### Prompt
Could you retype the whole listing word for word and drop the images?
[Provided data]
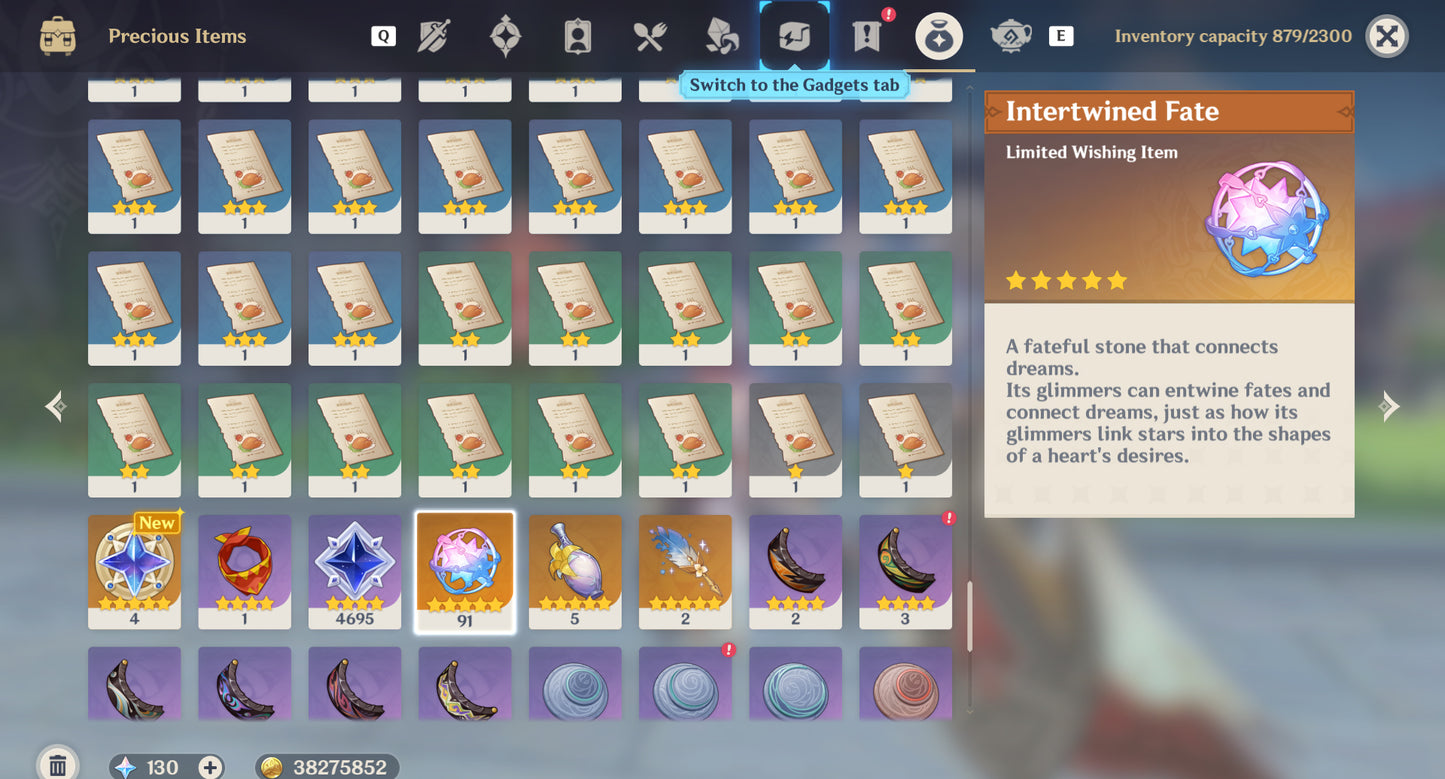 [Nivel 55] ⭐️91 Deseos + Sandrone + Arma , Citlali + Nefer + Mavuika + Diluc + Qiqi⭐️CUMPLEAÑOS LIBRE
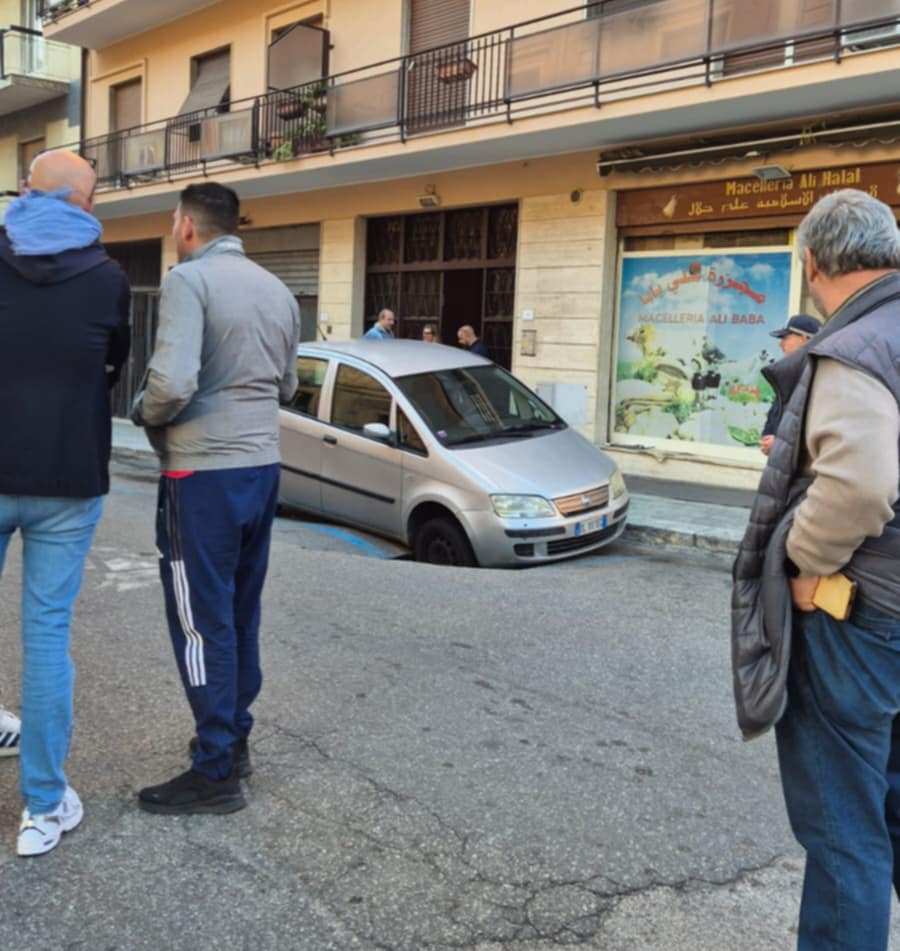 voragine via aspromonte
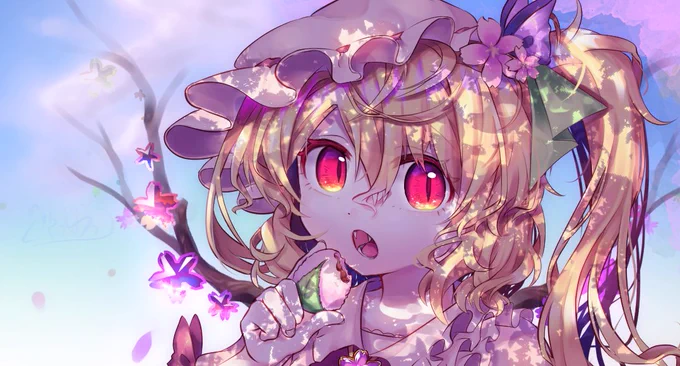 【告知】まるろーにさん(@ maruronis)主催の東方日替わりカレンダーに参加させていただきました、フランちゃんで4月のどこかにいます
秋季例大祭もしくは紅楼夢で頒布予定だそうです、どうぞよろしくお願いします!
[/Provided data]
### Answer to this problem
 [Nivel 55] ⭐️91 Deseos + Sandrone + Arma , Citlali + Nefer + Mavuika + Diluc + Qiqi⭐️CUMPLEAÑOS LIBRE
 voragine via aspromonte
 【告知】まるろーにさん(@ maruronis)主催の東方日替わりカレンダーに参加させていただきました、フランちゃんで4月のどこかにいます
秋季例大祭もしくは紅楼夢で頒布予定だそうです、どうぞよろしくお願いします!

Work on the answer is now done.